Work task =>
In the material below, list every line carrying the string "available".

Input data =>
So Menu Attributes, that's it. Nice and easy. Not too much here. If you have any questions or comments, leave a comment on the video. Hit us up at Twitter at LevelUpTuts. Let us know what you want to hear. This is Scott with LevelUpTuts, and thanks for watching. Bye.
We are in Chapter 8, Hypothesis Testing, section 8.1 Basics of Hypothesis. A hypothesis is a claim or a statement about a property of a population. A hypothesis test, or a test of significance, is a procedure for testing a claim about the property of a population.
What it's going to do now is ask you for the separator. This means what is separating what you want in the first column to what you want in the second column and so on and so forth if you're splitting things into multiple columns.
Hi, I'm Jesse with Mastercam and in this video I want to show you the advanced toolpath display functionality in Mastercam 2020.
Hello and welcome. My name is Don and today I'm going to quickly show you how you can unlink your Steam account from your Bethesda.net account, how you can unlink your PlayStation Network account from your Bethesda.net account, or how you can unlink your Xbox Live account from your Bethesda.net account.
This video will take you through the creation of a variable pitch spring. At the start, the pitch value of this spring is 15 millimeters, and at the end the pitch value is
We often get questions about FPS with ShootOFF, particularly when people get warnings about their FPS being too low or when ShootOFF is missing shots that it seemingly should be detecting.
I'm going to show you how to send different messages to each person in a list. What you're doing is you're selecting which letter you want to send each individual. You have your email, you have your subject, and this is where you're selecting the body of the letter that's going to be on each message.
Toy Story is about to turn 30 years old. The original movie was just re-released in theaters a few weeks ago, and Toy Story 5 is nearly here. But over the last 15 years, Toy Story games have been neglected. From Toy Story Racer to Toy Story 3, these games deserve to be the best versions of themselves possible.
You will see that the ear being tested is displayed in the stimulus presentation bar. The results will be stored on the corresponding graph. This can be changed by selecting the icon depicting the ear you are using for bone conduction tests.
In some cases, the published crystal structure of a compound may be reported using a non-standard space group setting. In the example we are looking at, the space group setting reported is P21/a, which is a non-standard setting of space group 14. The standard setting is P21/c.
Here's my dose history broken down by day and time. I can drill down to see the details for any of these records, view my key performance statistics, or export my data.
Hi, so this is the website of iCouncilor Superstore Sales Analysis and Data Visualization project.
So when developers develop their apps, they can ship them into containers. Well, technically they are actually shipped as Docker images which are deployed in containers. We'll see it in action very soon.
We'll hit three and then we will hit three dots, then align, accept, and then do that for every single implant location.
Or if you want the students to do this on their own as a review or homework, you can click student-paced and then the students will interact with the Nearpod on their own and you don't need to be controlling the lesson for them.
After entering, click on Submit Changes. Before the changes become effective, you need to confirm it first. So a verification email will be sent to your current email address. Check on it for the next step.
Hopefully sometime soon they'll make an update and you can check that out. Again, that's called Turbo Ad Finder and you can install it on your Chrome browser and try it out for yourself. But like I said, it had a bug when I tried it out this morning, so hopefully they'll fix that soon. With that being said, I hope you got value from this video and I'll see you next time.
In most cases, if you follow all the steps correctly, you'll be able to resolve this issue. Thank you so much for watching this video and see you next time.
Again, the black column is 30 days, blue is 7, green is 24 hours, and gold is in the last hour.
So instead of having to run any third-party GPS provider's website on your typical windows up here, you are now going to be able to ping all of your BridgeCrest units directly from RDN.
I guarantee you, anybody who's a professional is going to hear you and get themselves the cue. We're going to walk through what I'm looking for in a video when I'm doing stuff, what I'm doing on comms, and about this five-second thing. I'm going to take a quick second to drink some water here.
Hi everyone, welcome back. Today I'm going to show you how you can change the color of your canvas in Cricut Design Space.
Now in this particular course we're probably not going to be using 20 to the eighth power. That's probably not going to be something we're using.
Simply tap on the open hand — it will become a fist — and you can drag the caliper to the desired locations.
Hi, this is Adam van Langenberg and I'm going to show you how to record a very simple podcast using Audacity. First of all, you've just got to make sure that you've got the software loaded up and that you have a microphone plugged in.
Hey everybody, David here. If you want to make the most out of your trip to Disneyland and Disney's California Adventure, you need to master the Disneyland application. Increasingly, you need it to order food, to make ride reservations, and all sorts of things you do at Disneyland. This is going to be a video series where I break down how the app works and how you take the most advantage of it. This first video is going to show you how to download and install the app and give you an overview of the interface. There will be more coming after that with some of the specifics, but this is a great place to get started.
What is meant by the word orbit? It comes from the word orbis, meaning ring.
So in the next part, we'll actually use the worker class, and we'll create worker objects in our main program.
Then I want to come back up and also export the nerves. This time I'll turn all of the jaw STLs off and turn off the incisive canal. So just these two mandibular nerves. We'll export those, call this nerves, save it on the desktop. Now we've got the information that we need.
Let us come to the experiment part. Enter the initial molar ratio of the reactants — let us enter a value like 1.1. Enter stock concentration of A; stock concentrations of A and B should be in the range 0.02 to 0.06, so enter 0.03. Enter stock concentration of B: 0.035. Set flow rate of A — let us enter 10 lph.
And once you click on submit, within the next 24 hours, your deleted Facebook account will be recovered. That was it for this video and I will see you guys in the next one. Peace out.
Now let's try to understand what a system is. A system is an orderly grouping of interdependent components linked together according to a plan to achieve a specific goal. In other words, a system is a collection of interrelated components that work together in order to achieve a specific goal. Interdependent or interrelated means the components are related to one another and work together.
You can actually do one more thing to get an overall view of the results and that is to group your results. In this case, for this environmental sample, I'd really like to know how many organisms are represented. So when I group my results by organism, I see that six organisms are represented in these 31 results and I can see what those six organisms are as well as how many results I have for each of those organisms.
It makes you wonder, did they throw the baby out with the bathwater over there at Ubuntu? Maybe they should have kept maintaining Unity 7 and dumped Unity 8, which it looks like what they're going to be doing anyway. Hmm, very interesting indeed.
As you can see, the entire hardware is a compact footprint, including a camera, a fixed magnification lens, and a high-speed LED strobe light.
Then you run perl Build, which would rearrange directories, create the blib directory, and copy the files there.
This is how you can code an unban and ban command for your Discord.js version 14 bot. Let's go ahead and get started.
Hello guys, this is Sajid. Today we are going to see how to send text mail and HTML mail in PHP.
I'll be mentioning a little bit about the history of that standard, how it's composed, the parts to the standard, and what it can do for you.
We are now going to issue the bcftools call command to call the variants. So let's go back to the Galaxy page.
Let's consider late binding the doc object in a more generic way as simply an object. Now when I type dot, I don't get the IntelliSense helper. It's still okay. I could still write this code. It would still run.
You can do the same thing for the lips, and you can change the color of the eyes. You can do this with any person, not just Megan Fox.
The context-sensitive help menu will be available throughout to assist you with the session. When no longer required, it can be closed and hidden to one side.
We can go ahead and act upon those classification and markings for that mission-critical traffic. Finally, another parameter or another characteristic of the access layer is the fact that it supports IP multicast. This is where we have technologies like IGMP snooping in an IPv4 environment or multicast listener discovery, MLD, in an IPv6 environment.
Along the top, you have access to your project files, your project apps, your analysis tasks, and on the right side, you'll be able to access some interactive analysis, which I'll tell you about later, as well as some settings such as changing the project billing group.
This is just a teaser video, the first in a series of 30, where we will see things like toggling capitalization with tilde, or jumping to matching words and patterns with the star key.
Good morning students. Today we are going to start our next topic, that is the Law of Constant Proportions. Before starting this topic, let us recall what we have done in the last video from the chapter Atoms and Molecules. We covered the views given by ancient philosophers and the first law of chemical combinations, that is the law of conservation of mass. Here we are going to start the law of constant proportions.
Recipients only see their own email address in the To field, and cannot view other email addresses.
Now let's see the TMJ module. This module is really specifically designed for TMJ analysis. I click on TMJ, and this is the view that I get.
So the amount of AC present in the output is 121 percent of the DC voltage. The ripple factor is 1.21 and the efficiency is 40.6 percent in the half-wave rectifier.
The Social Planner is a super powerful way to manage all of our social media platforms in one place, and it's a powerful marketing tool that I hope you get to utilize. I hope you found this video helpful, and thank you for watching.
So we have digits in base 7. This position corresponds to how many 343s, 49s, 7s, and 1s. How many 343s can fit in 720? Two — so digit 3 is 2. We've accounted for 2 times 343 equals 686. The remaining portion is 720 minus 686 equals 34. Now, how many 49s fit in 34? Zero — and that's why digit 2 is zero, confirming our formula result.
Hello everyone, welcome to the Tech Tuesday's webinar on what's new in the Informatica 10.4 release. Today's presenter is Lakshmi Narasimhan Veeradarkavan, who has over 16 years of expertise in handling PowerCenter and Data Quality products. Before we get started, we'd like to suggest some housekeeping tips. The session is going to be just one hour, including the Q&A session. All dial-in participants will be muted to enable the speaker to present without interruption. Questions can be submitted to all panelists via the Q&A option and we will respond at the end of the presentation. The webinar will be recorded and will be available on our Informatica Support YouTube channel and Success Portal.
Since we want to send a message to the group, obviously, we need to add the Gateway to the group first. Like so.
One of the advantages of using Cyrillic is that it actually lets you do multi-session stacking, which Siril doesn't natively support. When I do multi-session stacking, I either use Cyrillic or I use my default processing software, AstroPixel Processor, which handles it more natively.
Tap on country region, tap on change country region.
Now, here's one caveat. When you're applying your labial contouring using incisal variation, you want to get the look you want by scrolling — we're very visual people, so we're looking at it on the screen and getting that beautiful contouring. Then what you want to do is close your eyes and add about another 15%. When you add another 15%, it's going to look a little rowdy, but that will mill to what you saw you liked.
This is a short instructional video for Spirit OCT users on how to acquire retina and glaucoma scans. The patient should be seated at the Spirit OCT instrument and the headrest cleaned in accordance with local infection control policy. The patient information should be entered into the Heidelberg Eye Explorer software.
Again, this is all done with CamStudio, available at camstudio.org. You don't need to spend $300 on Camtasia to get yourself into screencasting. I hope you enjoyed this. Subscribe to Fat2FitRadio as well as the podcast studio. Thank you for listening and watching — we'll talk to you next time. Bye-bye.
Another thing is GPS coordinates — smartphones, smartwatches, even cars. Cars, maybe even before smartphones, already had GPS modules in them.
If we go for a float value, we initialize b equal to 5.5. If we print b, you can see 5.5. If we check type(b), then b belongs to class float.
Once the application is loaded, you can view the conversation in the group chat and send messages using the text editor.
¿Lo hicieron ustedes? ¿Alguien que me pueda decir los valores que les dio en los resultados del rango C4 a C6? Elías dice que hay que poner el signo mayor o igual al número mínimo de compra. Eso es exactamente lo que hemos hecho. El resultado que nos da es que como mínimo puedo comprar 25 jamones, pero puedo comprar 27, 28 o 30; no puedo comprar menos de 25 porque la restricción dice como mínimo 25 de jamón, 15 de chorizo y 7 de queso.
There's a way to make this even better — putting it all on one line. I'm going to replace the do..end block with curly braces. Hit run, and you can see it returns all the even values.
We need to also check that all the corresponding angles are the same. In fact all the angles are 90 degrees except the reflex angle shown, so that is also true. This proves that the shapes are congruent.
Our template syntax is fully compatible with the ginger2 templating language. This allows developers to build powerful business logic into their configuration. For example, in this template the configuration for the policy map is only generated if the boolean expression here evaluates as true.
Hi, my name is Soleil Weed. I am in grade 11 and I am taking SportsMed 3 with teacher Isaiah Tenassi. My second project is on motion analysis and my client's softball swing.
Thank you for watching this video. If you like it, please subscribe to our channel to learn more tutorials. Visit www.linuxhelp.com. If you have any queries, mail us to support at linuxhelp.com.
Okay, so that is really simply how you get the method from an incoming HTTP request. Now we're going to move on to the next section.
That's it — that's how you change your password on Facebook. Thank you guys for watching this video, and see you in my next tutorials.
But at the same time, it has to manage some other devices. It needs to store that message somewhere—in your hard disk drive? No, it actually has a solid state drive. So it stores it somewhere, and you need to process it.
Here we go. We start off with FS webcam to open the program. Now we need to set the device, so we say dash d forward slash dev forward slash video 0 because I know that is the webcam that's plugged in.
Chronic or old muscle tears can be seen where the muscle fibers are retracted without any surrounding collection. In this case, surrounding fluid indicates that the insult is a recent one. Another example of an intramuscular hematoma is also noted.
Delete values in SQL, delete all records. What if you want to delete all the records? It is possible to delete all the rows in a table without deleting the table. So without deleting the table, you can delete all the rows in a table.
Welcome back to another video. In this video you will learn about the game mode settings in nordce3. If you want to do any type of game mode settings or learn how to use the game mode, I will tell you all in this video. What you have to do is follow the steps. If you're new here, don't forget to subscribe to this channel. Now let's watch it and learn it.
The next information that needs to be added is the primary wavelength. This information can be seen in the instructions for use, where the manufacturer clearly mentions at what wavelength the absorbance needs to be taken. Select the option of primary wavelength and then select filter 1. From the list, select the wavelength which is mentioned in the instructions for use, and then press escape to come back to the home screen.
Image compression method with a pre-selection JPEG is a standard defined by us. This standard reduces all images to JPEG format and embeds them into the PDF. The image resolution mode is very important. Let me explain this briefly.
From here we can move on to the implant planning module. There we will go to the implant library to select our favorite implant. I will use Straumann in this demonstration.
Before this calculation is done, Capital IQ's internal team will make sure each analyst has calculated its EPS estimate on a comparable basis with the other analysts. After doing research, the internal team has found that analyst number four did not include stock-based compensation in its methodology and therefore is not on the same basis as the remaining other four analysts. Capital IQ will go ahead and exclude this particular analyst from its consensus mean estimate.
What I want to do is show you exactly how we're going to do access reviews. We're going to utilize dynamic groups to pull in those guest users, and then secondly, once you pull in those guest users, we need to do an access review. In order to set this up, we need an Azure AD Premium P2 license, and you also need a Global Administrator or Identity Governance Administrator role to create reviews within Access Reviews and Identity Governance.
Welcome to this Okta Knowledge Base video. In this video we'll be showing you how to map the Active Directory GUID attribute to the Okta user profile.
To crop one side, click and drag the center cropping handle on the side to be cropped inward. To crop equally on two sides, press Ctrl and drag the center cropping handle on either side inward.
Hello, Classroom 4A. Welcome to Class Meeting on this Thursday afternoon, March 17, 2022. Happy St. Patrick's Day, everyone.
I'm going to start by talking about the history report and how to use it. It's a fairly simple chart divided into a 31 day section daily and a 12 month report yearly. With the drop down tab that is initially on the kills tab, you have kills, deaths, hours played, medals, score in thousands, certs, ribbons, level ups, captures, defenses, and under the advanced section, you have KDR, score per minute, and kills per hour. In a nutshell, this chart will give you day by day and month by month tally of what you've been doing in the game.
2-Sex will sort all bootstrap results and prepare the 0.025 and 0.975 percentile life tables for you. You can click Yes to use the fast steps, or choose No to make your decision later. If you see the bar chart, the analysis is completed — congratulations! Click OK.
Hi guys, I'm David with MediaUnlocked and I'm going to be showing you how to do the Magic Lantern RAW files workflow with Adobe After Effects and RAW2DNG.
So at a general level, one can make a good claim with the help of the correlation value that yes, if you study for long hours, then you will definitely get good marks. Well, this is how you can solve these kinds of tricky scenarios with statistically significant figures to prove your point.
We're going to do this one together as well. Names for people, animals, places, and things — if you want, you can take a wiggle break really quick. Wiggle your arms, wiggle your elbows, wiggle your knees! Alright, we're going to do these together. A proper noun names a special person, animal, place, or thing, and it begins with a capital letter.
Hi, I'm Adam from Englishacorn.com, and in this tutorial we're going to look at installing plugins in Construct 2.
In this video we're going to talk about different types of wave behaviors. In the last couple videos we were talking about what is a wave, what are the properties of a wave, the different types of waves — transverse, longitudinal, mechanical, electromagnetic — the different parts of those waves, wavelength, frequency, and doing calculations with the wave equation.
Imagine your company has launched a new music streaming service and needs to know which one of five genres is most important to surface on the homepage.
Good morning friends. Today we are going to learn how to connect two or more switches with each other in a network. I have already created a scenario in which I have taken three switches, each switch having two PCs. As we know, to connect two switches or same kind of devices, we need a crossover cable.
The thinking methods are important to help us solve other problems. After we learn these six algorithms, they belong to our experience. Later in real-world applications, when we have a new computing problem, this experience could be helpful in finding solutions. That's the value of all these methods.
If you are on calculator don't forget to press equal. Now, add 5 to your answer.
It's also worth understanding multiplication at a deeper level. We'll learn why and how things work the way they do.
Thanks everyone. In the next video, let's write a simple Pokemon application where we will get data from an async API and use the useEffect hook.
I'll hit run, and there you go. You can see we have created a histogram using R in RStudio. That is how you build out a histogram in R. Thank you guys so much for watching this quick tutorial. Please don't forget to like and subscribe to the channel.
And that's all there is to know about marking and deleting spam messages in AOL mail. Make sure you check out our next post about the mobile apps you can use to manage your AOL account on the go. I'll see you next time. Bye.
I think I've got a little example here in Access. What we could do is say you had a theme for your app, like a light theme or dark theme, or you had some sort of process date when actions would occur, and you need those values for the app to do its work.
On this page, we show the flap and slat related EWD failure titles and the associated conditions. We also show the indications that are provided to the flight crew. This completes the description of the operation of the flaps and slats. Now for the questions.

Task solution =>
The context-sensitive help menu will be available throughout to assist you with the session. When no longer required, it can be closed and hidden to one side.
Hello everyone, welcome to the Tech Tuesday's webinar on what's new in the Informatica 10.4 release. Today's presenter is Lakshmi Narasimhan Veeradarkavan, who has over 16 years of expertise in handling PowerCenter and Data Quality products. Before we get started, we'd like to suggest some housekeeping tips. The session is going to be just one hour, including the Q&A session. All dial-in participants will be muted to enable the speaker to present without interruption. Questions can be submitted to all panelists via the Q&A option and we will respond at the end of the presentation. The webinar will be recorded and will be available on our Informatica Support YouTube channel and Success Portal.
Again, this is all done with CamStudio, available at camstudio.org. You don't need to spend $300 on Camtasia to get yourself into screencasting. I hope you enjoyed this. Subscribe to Fat2FitRadio as well as the podcast studio. Thank you for listening and watching — we'll talk to you next time. Bye-bye.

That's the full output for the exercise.